Holidays are funny things – they come around once a year, and remind us of feelings and ideas that we shouldn’t have ever let ourselves forget. Whether it’s Thanksgiving gratitude or July 4th patriotism, we turn to holidays not because the day itself matters, but because it gives us a chance to relocate something important that we should’ve never let escape from our day to day existence. Holidays shouldn’t be necessary; we should be able to realize the importance of these sentiments all the year-round. But of course, they are and we don’t. That’s why holidays matter to us.
Autistics Speaking Day is not an old holiday, but already it is becoming an important one for the Autistic community. We are moving past the old days, when to be Autistic was to be a silent beneficiary of the charity and goodwill of others. We speak up often now, challenging media that demeans us, conferences that exclude us and organizations that dehumanize us on a regular basis. In the last half-decade, we have witnessed an awakening of our community.
And yet, even amidst this positive change, we don’t often take time to sit and think about the value of voice itself. Our movement is constantly about the business of responding to the many and terrible things being done to Autistic people and other brethren in the broader disability community at any given moment. This is as it should be – if the neurodiversity movement is anything, it is a way of defending ourselves against the horrors that pervade almost every aspect of the status quo in the autism community. But if we are going to do more than just defend ourselves, if we are going to find a way to thrive rather than just survive, more is necessary. We reclaim our voices not just so we can fight back against what is being done to us. We do so in order to take our rightful places as equal members of a society.
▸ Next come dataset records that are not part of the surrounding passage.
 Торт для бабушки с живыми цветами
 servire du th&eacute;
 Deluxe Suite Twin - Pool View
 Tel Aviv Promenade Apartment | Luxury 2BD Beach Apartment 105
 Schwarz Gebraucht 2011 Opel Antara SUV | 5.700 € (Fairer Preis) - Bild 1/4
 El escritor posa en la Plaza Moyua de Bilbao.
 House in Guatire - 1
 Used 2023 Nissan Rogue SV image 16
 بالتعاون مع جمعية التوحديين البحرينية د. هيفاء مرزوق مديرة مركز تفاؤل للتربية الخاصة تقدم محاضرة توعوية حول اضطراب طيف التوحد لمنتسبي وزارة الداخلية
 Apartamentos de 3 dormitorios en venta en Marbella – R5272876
We do so in order to establish and advance the idea that we are not objects of charity; we are citizens, endowed with the right not just to live in the world, but to help shape it.
I remember being at a lecture a few years ago on building employment opportunities for Autistic adults. At the end of the lecture, a parent volunteer stood up and announced, “We’re convening a workgroup to discuss how we can follow up on this for our kids here in Maryland. Anyone who wants to participate – parents, teachers, employers, providers, social workers…anyone who has an interest in the transition to adulthood, feel free to volunteer!”
Obviously, there was an important stakeholder missing from that list: Autistic people ourselves. There are immediate and practical consequences of that exclusion, of course. When people discuss disability services without disabled people, obsolete and segregated infrastructure is a frequent result. No better example of this exists than the over a quarter million Americans with disabilities being paid less than minimum wage in sheltered workshops across the country. But even if we could believe that our family and professional allies could do it all by themselves – that the policy and practice outcomes of a process that excludes the people it is designed to benefit would be unobjectionable – we would still be left with a profound and lasting problem. When society does for us without us, it sends a message about how we are seen as human beings and as citizens. That message is not a positive one.
Throughout human history, there has never been a group that has found success and liberation through meekly accepting what was offered to them by others. We won’t either. If we are going to see a better future for ourselves and all disabled people across the world, we cannot simply wait for others to speak on our behalf and hope they say what we would say ourselves, if given the chance. We cannot simply believe that a day will come when those who champion our cause decide to wish for us what we ourselves do desire. We can only succeed by being our own voice. By building our own power. With our allies, yes – but first and foremost with each other, we can build a better world.